Chennai: After a sensational third round of the Grand Slam Masters chess tournament at Sao Paulo, World champion Viswanathan Anand and World No. 1 Magnus Carlsen of Norway languished at the bottom of the points table.

Anand bowed to an in-form Vassily Ivanchuk of Ukraine while Carlsen called all the shots against bottom-ranked player
Vallejo Pons of Spain before blundering a piece to leave the tournament in a state of shock before the first rest day.

The football points system ensured that Ivanchuk, with seven points, had a good lead over the rest of the field.
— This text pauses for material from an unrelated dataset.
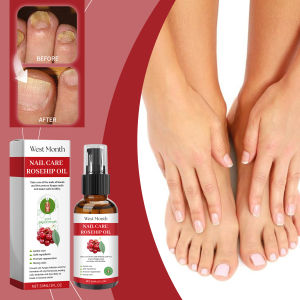 West Month Nail Care Oil Anti-Nail Groove Safety Repair Toenail Treatment Oil Anti Bacterial Toenail Repair Liquid 30ml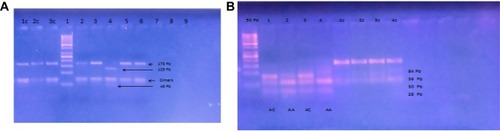 Figure 2 (A) C677T exon. 1c, 2c, 3c control undigested PCR products. 1, 50bp ladder, 2,3,5, 6 MTHFR (677CC), 4, MTHFR (677TT). (B) MTHFR A1298C exon. 50 pb, 1,3 MTHFR (1298AC), 2, 4 MTHFR (1298AA), 1c.2c.3c control undigested PCR products.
Levon Aronian of Armenia was in second position with five points, Hikaru Nakamura of US and Vallejo Pons were further down on three points while tailenders Anand and Carlsen shared the last position with two points each.
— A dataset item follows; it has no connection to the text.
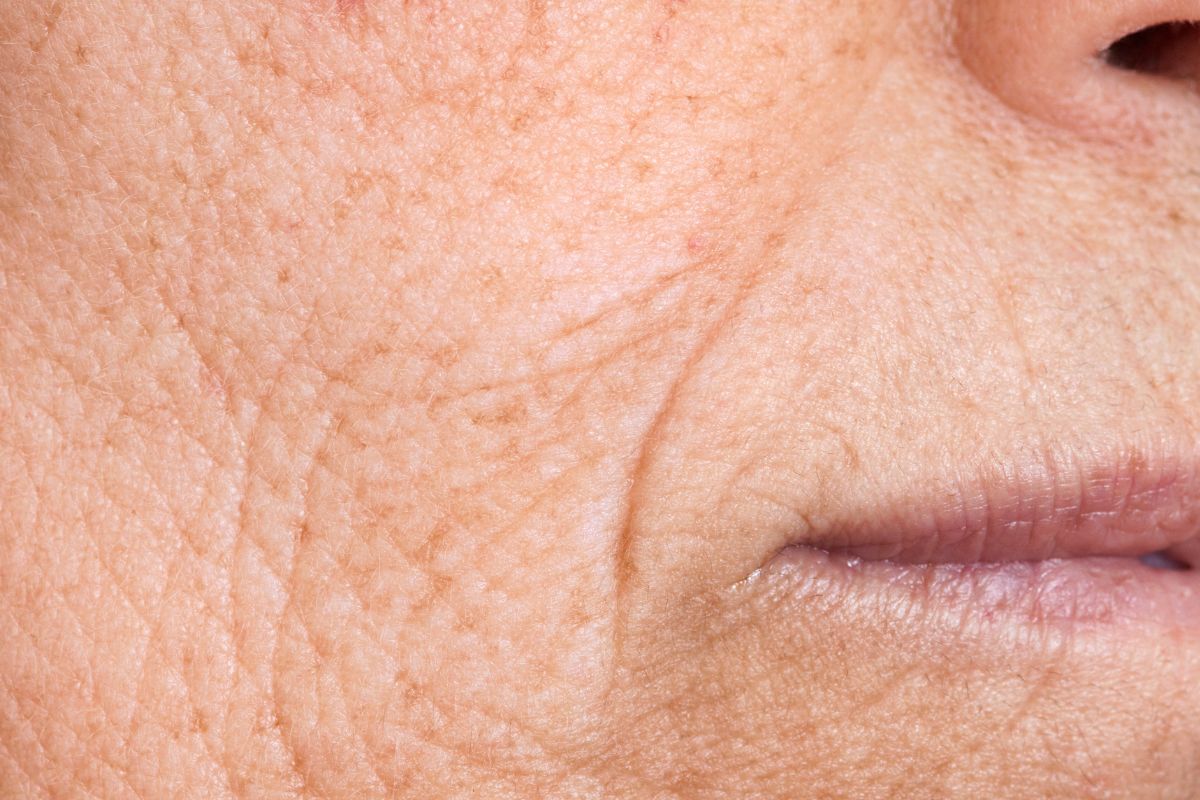 The woman has many wrinkles on her face.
Ivanchuk unleashed the Schliemann gambit against the Ruy Lopez and slowly got the initiative as Anand tried to play his usual solid game and lost his way with a dubious pawn push in the centre on move 22. That gave Ivanchuk a pawn but that was not the end of the story as Anand could still defend and take the game to a slightly inferior ending.
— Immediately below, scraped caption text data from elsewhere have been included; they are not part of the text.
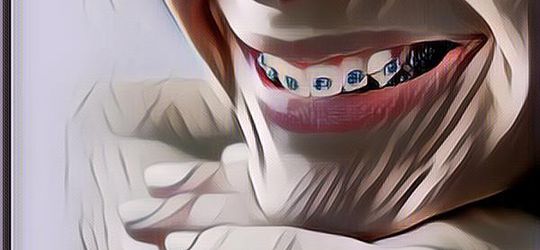 Bye-Bye Behel! Ini Nih 5 Cara Merapikan Gigi Agar Tertata Cantik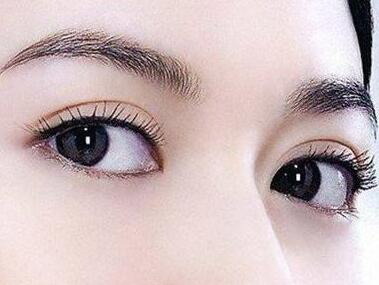 怎样才可以变双眼皮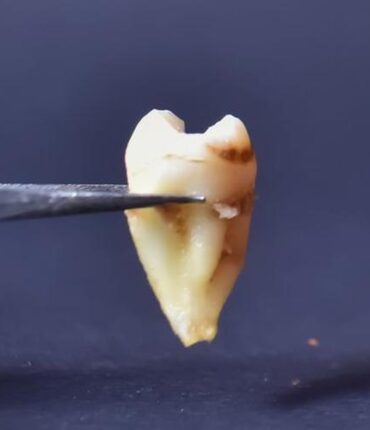 Port-Vendres : elle mord dans son plat et fait une découverte qui la dégoûte pendant deux jours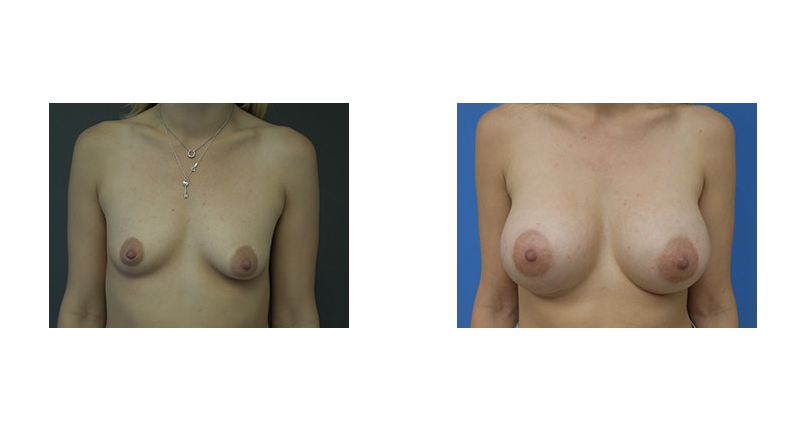 Breast Augmentation width='800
Ivanchuk kept the pressure and exchanged the right pieces at the right time to go into a queen and pawn ending where he avoided the perpetuals and promoted his queenside pawn to squeeze the world champion after 69 moves.

If Anand's loss was mainly due to his opponent's hard work, Carlsen enjoyed a good position after he played the Pirc-Kings Indian defence mix perfectly. The Norwegian had got the initiative by move 15 and looked set to crush Vallejo, who hung in for dear life to avoid his third successive defeat.

Then in a moment of madness, Carlsen made a queen move that left him in despair. After the 30th-move blunder, Vallejo was a piece up. By move 42, Vallejo was in a position to promote his kingside pawn. "I got a pleasant position from the opening. He probably played inaccurately at somepoint It became a huge, almost winning advantage," said Carlsen after the game. "At one point I wasted too much time trying to find a forced win. Then, I blundered a piece very simply.

I don't know if you can call it an optical illusion or whatever." Aronian and Nakamura drew in 46 moves of Slav defence in a knight ending to keep their undefeated status in the tournament, which resumes on Friday night.